**Action item**: Exactly as written, please set down all of the entries again, with no pictures.

━━━

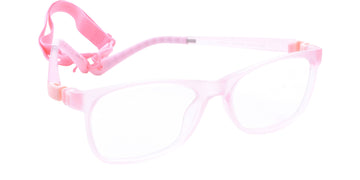 MX3003A-1 | Kids | Matte Pink | TR-90 Glasses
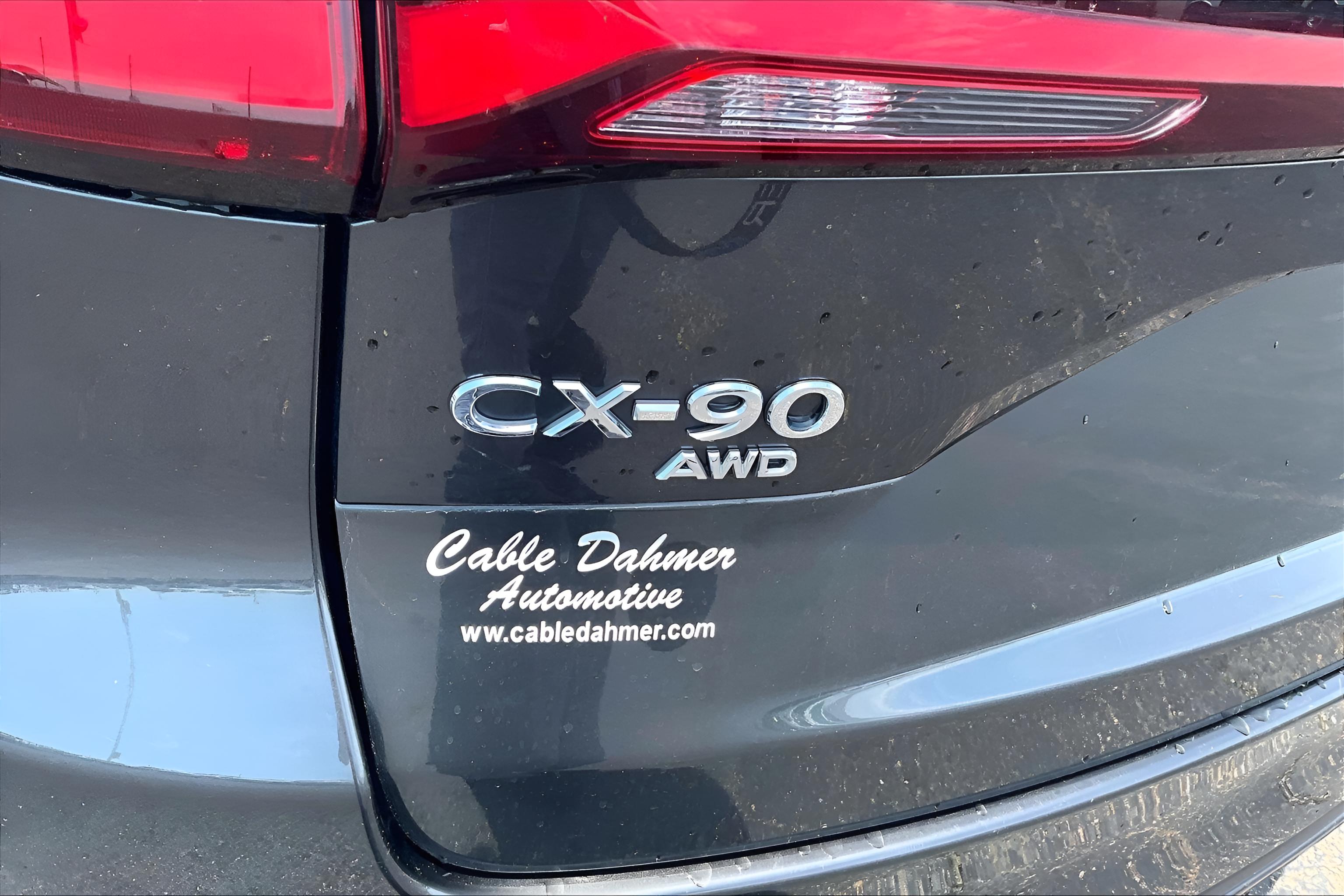 2025 Mazda Mazda CX-90 3.3 Turbo Premium Sport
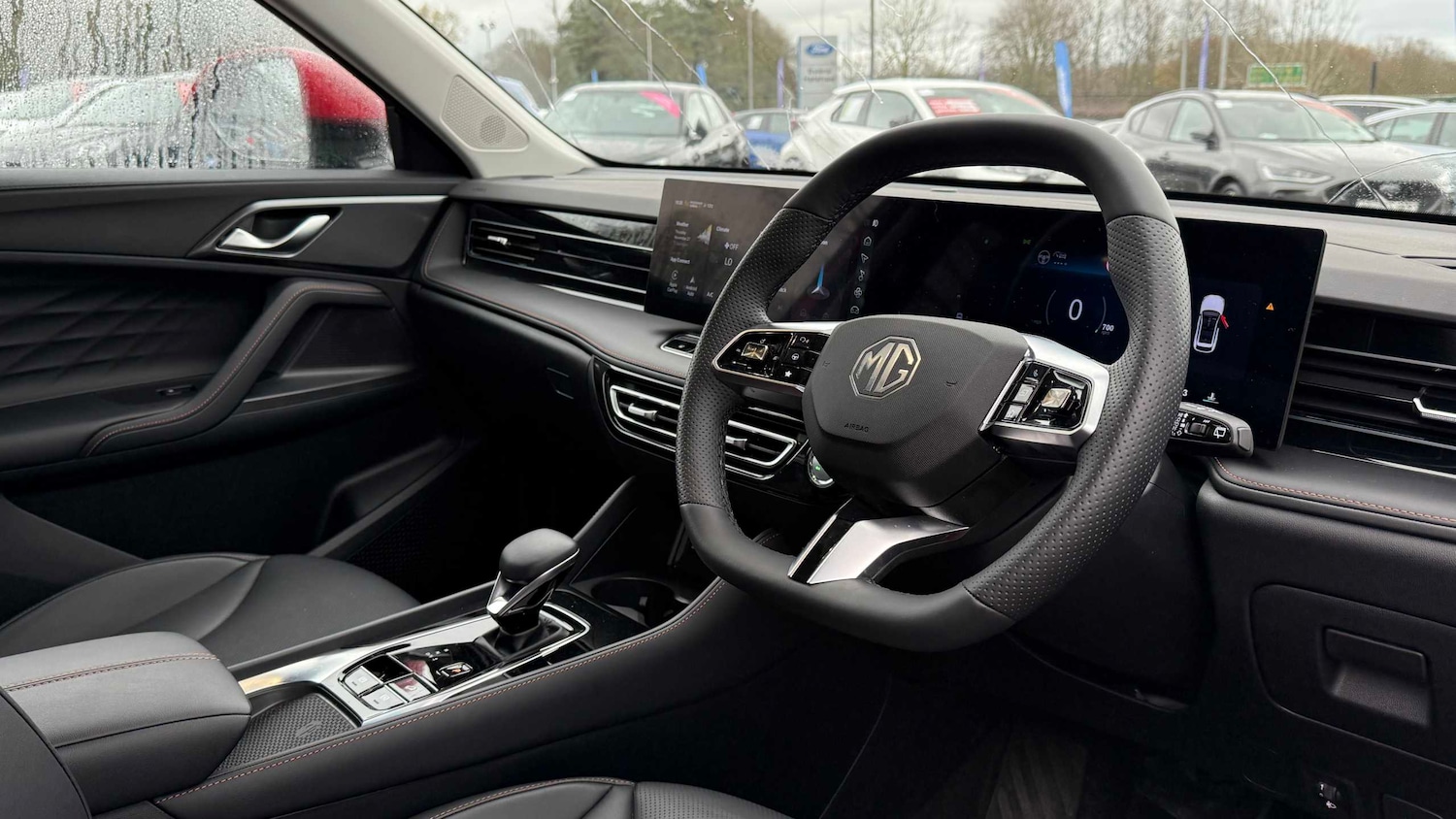 Used MG MG HS 2025 for sale - 76732335: Photo 15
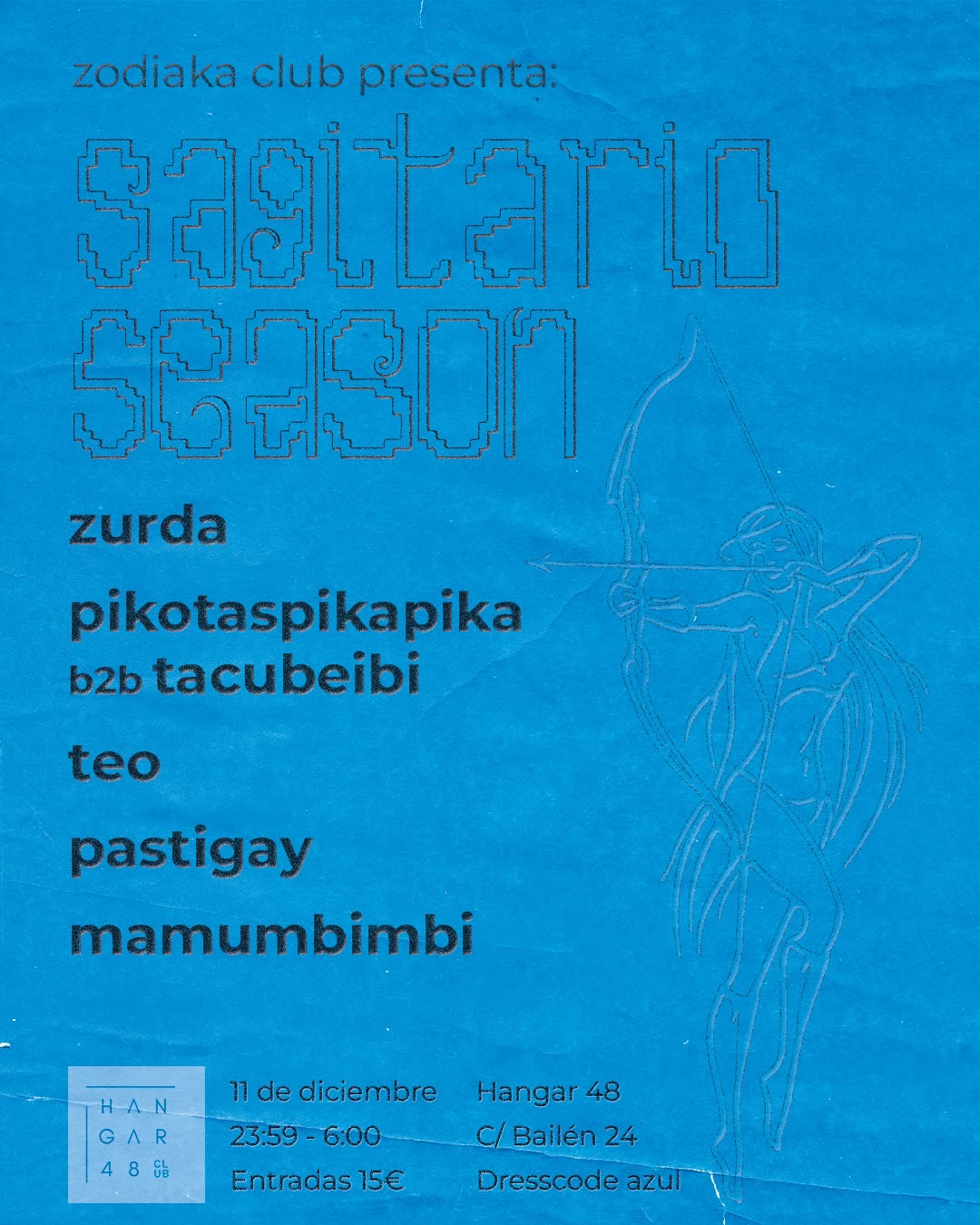 SAGITARIO SEASON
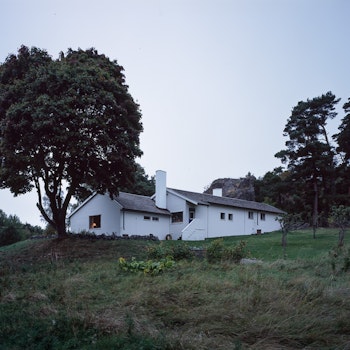 EG ASPLUND'S SUMMER HOUSE in Sorunda, Sweden - by Erik Gunnar Asplund at ARKITOK - Photo #12 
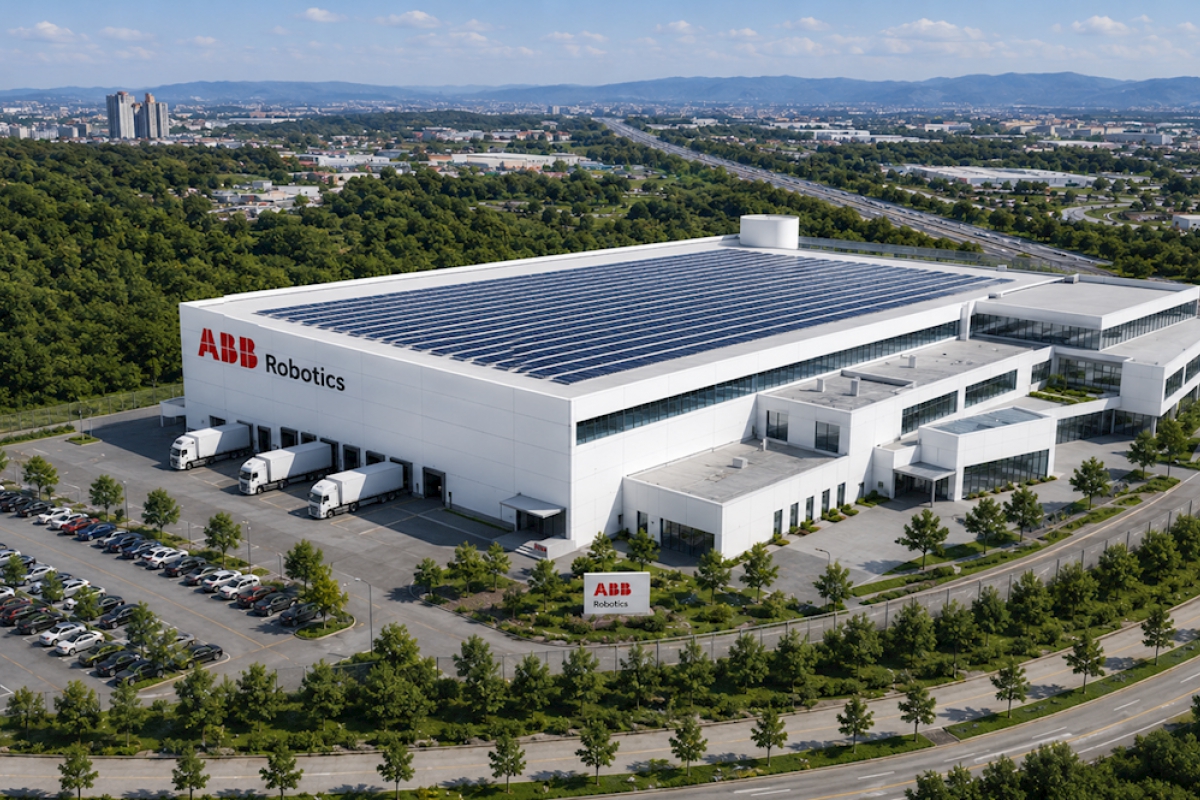 ABB Robotics prepara un nuevo centro de 15.000 m² en Sabadell para ...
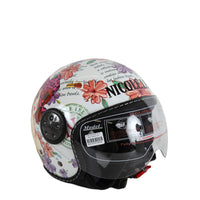 OPEN FACE HELMET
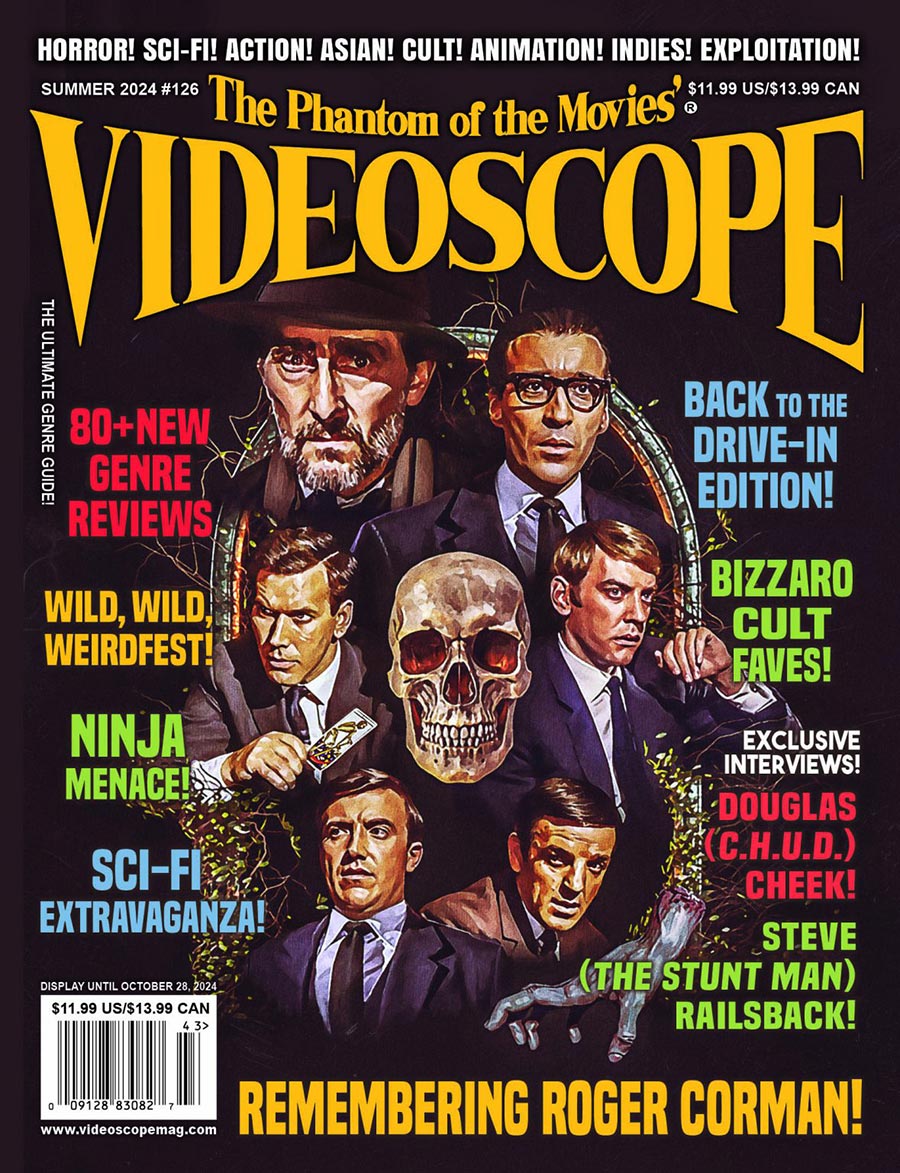 Videoscope #126 Summer 2024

━━━

**Exercise response**:
 MX3003A-1 | Kids | Matte Pink | TR-90 Glasses
 2025 Mazda Mazda CX-90 3.3 Turbo Premium Sport
 Used MG MG HS 2025 for sale - 76732335: Photo 15
 SAGITARIO SEASON
 EG ASPLUND'S SUMMER HOUSE in Sorunda, Sweden - by Erik Gunnar Asplund at ARKITOK - Photo #12 
 ABB Robotics prepara un nuevo centro de 15.000 m² en Sabadell para ...
 OPEN FACE HELMET
 Videoscope #126 Summer 2024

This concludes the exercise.